Description
We are encountering gradients that are incorrect in specific regime. Specifically, we have:
- A custom solver, where the error estimate depends on a second call to the drift function or times
- Adaptive stepping
Below is a simplified example. Basically, we just take Euler and do some trivial change for the sake of example (we have a more complicated solver, but have identified the root of the issue to be this here), but crucially it has a y error that depends on a recalculation of the drift function (note that with or without the stop gradients doesn't matter). There doesn't seem to be anything wrong with the PIDController since we also implemented a simple controlled and the same error shows up. If constant stepping is used, the gradients are accurate. Note that our finite difference is stable and we have tried epsilon from 1e-10 to 1e-3 and it shows consistent results. The primal values are correct, but there is a difference in the gradient.
import jax
jax.config.update("jax_enable_x64", True)
import jax
from jax import numpy as jnp
import diffrax
from typing import ClassVar
import equinox as eqx
from equinox.internal import ω
class Test(diffrax.AbstractItoSolver):
term_structure: ClassVar = diffrax.AbstractTerm
interpolation_cls: ClassVar = diffrax.LocalLinearInterpolation
def order(self, terms):
return 1
def strong_order(self, terms):
return 0.5
def init(
self,
terms,
t0,
t1,
y0,
args,
):
return None
def func(
self,
terms,
t0,
y0,
args,
):
return terms.vf(t0, y0, args)
def step(
self,
terms,
t0,
t1,
y0,
args,
solver_state,
made_jump,
):
del made_jump
control = terms.contr(t0, t1)
y1 = (y0**ω + terms.vf_prod(t0, y0, args, control) ** ω).ω
drift = terms
b = jax.lax.stop_gradient(drift.vf(t0, y0, args))

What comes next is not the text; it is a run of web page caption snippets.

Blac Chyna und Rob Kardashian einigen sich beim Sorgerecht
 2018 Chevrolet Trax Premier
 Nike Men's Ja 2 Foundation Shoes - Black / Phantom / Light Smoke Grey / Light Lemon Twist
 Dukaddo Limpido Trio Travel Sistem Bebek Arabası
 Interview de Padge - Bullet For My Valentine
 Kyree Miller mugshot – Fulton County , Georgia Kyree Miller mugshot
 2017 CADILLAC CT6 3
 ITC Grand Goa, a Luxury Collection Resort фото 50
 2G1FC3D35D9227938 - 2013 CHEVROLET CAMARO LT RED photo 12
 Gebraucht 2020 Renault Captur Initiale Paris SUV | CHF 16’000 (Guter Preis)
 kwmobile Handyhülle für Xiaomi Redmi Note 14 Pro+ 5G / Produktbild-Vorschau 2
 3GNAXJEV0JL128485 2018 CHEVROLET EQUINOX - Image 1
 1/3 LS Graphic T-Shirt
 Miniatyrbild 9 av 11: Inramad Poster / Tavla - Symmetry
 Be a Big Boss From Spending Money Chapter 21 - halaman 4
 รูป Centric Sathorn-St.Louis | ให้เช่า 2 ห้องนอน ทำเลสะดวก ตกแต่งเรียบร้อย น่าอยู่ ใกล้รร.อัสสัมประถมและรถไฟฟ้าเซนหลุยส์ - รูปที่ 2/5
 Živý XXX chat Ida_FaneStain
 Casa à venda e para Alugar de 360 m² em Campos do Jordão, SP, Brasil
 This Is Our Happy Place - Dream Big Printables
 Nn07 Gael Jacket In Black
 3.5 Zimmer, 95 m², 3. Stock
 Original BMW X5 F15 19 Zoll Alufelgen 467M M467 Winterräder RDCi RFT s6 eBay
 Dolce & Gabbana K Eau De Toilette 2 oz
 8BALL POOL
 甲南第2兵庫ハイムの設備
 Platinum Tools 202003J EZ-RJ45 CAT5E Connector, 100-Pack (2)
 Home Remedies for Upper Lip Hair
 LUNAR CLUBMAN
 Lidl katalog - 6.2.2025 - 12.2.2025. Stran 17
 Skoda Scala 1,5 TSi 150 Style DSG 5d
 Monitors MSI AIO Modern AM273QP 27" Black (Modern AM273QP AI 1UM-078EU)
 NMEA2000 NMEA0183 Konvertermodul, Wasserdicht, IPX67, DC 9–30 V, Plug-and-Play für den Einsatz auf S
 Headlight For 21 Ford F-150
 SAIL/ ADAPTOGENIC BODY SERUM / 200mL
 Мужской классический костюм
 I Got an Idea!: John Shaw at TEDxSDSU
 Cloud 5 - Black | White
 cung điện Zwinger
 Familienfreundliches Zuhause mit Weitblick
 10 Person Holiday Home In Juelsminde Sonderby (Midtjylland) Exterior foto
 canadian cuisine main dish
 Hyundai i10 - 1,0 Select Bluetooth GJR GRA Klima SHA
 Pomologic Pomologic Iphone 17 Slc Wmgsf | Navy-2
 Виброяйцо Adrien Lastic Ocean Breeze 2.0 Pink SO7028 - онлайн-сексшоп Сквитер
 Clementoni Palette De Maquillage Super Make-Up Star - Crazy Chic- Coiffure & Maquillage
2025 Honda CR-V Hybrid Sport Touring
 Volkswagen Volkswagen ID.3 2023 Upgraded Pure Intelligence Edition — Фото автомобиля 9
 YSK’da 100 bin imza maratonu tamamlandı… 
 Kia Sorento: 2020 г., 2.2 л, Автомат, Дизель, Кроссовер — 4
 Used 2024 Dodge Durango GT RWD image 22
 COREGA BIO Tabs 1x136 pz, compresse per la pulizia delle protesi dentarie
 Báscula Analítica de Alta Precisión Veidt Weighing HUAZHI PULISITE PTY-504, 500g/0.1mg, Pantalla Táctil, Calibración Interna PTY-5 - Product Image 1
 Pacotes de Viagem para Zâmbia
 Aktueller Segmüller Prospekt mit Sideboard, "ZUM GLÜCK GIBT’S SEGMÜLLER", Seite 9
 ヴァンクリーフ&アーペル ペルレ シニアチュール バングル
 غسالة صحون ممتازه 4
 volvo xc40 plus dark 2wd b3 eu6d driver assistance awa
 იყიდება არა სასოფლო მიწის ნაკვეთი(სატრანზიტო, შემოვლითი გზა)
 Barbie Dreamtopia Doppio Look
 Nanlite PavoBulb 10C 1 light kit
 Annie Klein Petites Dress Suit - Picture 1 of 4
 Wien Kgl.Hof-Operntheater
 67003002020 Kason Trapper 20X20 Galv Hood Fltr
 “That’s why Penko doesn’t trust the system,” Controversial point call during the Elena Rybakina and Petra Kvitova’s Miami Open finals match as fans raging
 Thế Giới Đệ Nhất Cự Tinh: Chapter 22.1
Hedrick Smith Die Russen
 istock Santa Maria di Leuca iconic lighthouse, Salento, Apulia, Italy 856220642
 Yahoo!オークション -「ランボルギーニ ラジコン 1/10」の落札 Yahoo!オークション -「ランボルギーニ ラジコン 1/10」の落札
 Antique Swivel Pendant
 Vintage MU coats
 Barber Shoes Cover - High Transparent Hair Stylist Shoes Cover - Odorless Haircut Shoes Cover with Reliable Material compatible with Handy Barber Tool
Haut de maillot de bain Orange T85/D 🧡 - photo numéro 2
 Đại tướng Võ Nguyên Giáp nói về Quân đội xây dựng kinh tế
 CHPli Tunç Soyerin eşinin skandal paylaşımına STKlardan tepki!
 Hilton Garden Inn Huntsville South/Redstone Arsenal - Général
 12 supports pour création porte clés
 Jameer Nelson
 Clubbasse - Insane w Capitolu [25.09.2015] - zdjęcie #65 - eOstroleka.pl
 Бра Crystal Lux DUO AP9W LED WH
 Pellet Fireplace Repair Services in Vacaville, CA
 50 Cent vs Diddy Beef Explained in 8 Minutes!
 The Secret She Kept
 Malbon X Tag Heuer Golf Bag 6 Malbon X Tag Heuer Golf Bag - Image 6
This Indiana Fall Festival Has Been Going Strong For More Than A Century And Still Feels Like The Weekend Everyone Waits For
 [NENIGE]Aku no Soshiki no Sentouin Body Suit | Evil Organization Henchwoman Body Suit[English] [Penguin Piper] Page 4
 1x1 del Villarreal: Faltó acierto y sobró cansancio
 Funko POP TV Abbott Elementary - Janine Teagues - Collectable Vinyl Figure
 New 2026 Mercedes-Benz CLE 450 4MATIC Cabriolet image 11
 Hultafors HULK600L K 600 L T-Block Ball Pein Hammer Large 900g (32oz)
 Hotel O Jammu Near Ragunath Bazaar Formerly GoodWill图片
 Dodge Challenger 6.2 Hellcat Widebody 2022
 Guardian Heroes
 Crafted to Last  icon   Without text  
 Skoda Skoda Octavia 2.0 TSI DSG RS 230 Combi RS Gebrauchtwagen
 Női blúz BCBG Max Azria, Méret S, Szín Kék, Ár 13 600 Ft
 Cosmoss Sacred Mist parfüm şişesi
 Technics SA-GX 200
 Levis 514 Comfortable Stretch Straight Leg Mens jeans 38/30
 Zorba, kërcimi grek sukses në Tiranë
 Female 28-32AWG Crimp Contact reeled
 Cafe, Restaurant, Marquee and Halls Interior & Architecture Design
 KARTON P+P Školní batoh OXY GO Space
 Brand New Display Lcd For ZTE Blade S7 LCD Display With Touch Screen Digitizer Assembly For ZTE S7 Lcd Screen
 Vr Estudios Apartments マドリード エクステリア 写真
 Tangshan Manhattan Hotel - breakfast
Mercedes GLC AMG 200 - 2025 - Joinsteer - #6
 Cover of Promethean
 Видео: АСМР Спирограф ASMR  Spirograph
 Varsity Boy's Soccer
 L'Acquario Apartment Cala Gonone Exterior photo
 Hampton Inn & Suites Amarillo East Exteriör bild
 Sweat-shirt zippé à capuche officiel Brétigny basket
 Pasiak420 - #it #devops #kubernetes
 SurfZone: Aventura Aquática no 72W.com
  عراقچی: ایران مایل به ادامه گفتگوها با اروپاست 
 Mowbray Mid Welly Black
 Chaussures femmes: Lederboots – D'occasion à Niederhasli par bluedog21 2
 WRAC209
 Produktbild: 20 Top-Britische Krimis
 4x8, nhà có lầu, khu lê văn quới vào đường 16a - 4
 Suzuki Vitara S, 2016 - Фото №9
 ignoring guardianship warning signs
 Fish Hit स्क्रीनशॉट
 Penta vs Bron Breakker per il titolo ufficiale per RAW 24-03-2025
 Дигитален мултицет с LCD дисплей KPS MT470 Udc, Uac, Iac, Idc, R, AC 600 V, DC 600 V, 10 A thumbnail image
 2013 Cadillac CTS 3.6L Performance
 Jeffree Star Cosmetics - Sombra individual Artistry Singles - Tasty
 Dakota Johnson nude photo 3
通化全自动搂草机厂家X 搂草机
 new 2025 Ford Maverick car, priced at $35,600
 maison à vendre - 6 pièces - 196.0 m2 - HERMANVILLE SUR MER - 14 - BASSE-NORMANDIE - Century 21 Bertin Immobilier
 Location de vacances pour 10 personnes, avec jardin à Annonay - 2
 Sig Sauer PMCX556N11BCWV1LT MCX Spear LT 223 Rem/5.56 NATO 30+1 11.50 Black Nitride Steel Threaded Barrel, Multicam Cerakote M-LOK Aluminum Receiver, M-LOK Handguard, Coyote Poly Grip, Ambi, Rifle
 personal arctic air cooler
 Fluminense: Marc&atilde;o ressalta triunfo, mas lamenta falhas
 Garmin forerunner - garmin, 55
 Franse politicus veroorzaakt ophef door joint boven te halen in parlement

y_error = jax.lax.stop_gradient(jnp.linalg.norm(b) * (t1 - t0))
dense_info = dict(y0=y0, y1=y1)
return y1, y_error, dense_info, solver_state, diffrax.RESULTS.successful
t0, t1 = 0.0, 3.0
y0 = jnp.array([1.0, 1.0])
tol = 1e-1
solver = Test()
cont = diffrax.PIDController(tol, tol, error_order=1.0)
def drift(t, X, args):
y1, y2 = X
dy1 = -273 / 512 * y1
dy2 = -1 // 160 * y1 - (-785 // 512 + jnp.sqrt(2) / 8) * y2
return jnp.array([dy1, dy2])
def solve(key, y0):
terms = diffrax.ODETerm(drift)
saveat = diffrax.SaveAt(t1=True)
sol = diffrax.diffeqsolve(
terms,
solver,
t0,
t1,
dt0=0.0001,
y0=y0,
saveat=saveat,
max_steps=1000,
stepsize_controller=cont,
adjoint=diffrax.RecursiveCheckpointAdjoint(),
)
return sol
def loss(y):
k = jax.random.key(0)
s = solve(k, y)
return jnp.sqrt(jnp.mean(s.ys ** 2)), s.stats
x0 = jnp.array([1.0, 1.0])
print(eqx.filter_value_and_grad(loss, has_aux=True)(x0))
def finite_diff(y):
eps = 1e-9
val1 = loss(jnp.array([y[0] + eps / 2, y[1]]))[0]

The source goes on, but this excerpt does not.